Introducing a two tier system of statements of ‘commitment’ and ‘intention’ has inevitably led to the Rules around intention statements being amended. We do not consider this will dramatically alter the implications of making an intention statement and the processes bidders will be required to go through and address with their advisers – namely, that the statement of intention is honestly held and there is a reasonable basis for that belief. The Panel’s view, for example, is understood to be that it would not have reached a different conclusion in relation to its criticism of Kraft, namely that Kraft did not have a reasonable basis for making the statements it made during its bid for Cadbury in relation to Cadbury’s Somerdale factory. Exposure under the Code for financial advisers will remain as it is currently, namely, did they take all necessary steps to ensure that the client understood the implications of making an intention statement and was such statement sufficiently probed and verified to the standard the Panel would apply under the Rules? As stated above in connection with commitments, advisers will be concerned to ensure they are notified prior to their bidder client approaching the Panel to discuss non-compliance with any intention statements.

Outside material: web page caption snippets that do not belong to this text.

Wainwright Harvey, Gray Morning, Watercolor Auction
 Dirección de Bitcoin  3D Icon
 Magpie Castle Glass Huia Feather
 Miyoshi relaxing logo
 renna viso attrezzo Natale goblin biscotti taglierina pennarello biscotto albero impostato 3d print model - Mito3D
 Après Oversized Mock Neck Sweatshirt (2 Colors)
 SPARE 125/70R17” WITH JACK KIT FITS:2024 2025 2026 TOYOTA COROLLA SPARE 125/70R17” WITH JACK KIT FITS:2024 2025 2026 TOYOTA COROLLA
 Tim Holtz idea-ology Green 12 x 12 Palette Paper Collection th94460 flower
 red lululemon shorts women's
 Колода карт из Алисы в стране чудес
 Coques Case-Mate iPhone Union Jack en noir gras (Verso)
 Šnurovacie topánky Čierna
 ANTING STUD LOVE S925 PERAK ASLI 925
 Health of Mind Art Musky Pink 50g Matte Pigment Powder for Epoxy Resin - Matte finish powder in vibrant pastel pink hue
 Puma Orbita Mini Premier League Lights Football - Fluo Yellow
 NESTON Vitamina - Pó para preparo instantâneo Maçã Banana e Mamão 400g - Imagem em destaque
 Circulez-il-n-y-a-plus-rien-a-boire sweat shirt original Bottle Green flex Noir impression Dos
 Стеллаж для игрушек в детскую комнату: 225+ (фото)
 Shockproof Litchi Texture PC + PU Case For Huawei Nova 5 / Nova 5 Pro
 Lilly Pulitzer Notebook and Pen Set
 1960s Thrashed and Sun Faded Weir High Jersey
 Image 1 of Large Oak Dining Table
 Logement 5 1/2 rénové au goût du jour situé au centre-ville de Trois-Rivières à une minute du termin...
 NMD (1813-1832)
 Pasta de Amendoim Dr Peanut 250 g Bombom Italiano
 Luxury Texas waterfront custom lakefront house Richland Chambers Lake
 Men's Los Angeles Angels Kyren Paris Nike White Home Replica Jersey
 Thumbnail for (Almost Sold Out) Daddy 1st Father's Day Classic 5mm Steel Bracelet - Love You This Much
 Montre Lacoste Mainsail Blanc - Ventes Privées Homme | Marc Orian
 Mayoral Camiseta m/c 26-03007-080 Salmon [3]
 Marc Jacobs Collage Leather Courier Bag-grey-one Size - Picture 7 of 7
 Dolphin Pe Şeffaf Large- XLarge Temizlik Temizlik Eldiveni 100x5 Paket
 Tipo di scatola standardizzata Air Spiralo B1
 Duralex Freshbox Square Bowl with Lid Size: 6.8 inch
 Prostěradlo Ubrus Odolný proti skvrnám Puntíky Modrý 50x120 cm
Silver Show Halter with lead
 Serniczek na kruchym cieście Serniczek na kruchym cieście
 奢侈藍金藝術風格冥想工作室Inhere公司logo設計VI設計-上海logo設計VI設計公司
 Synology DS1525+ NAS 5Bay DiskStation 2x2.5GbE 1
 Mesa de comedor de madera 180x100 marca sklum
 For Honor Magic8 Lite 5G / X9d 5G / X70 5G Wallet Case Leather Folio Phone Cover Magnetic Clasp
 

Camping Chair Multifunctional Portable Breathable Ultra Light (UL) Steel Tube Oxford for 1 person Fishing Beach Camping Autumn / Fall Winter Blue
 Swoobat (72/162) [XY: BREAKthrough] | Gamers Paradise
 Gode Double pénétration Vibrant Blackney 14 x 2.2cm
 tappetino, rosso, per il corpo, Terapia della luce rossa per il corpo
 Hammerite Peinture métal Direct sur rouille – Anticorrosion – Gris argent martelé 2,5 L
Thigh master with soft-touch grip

Providing that intention statements are properly formulated and made in good faith, there is arguably scope within the Rules for deviation from such statements in the aftermath of an offer where circumstances change, and certainly more so than would be the case with undertakings to take a certain specified course of action. It is not anticipated that the amendments to the intention statements regime will lead to a material change in practice from what has evolved since 2011.

Conclusion

As stated above, in the aftermath of Pfizer/AstraZeneca it is not surprising that the Panel has sought to tighten the Rules. The Rules are arguably a significant shift in takeover regulation and it is interesting that the Panel has chosen to focus on the rules in an area where there are likely to be issues in only a handful of bids.

There will be market participants who take the view that following completion of an offer the Panel should no longer be concerned with matters pertaining to an offer which has closed – that approach, however, would seem to ignore the direction of travel since 2011 where the focus of the Rules shifted to stakeholders as well as shareholders and that statements of future plans for the target business can often be key in the battle for control of a target. In that context, we consider it is appropriate that these statements are properly regulated.

The Rules will clearly have a significant impact on those bids where specific commitments are made but the extent to which bidders are inclined to go down that road will remain debateable. What the PCP underlines is that the potential tension between bidders and targets over the scope of forward looking statements will remain an issue. Properly formulated statements of intention are unlikely to be affected by the changes to the Rules in a material way, save for the pre-emptive need for consultation with the Panel following the offer if the path set out in the offer document is not going to be followed.